The MrkDrd crystal structure also revealed the structural basis for the effects of mutations G121D and T164I shown in a previous study to abolish collagen V binding of MrkD1P (Fig. 1B) (Sebghati and Clegg, 1999): indeed, mutation of G121D abolishes the flexibility that G121 confers to a short loop between β-strands β8 and β9a and will therefore hamper the correct folding of MrkDrd, while residue T164 is buried in the core of the molecule and mutation to isoleucine will most likely destabilize the MrkDrd fold.
A deep pocket on the MrkD1P receptor binding domain also affects the binding of collagen V
Our study revealed a deep pocket at the top of the molecule (Fig. 3B) as a potential collagen V binding site on MrkDrd. This pocket is lined at the bottom by the hydroxyl group of Y155 and the guanidinium group of R105. This pocket is too small to recognize larger parts of the collagen V triple helix structure. Therefore, we suspected that a single side-chain of collagen V (possibly a negatively charged residue given the positively charged nature of the pocket) could be inserted into the MrkDrd pocket. To test this hypothesis, mutations R105E, Y155A and Y155F were introduced and their ability to bind collagen V tested. All E. coli HB101 transformants expressed Mrk pili but the mutations R105E, Y155A and Y155F of MrkDrd clearly affected HA and collagen V binding activities (Table 2; Fig. 4). Mutations Y155A and Y155F abolished HA activity of MrkD1P and decreased its collagen V binding activity to ∼ 30% of the wild type MrkD1P level (Table 2; Fig. 4). The effect on collagen V binding of mutation Y155A could also be attributed to structural destabilization of the MrkDrd pocket or even of the whole MrkDrd domain because the small methyl side-chain of Y155A cannot replace the bulky phenyl ring of Y155. However, removing the hydroxyl group of Y155 (Y155F mutation) had a similar effect on HA and collagen V binding activities of MrkD1P (Table 2; Fig. 4) like mutation Y155A, indicating that the polar hydroxyl group of Y155 is crucial for collagen V binding rather than its phenyl group.
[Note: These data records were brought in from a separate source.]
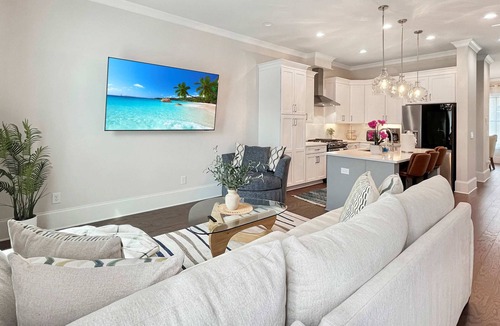 Hitch Village - Fred Wessels Homes House | Savannah Riverfront Retreat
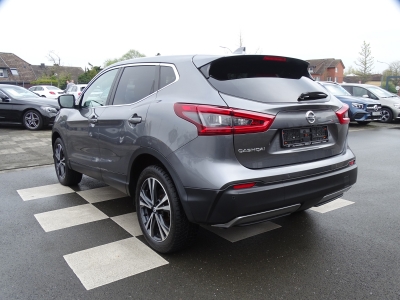 Nissan Qashqai 1.3 / N-Connecta/ NAVI /KLIMAAUTO/SHZG  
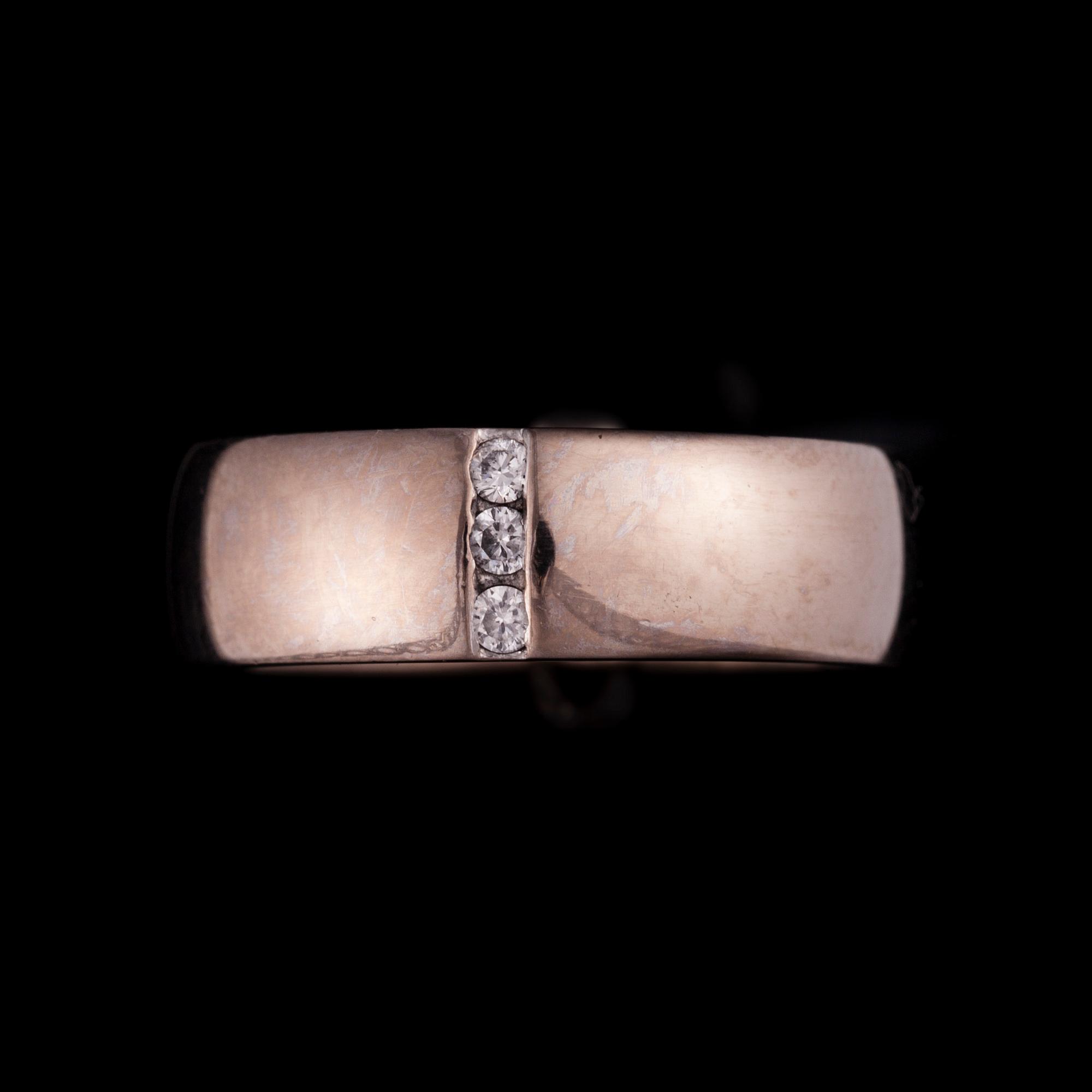 RING, vitguld 18K, 3 små diamanter, finska stämplar 2009. Vikt 6,4 g.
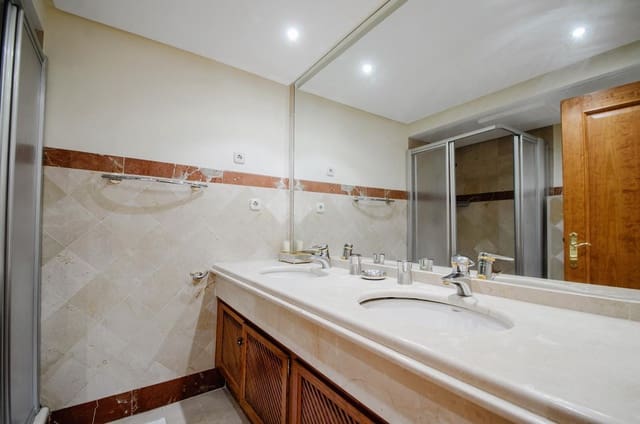 2 soverom Leilighet til salgs i Resinera-Voladilla, Estepona med svømmebasseng garasje - € 1 350 000 (Ref: 9848572)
Because of its small size it seems unlikely that the missing hydroxyl group of mutant Y155F could destabilize the MrkDrd structure.
Replacement of the positively charged R105 by a negatively charged shorter glutamate in the pocket of MrkDrd abolished HA and collagen V binding activities (Table 2; Fig. 4). We cannot rule out that mutation R105E caused structural instability of the MrkDrd domain (Sebghati and Clegg, 1999). On the other hand, a negatively charged collagen residue like glutamate could be repulsed by an equally charged R105E in the MrkDrd pocket.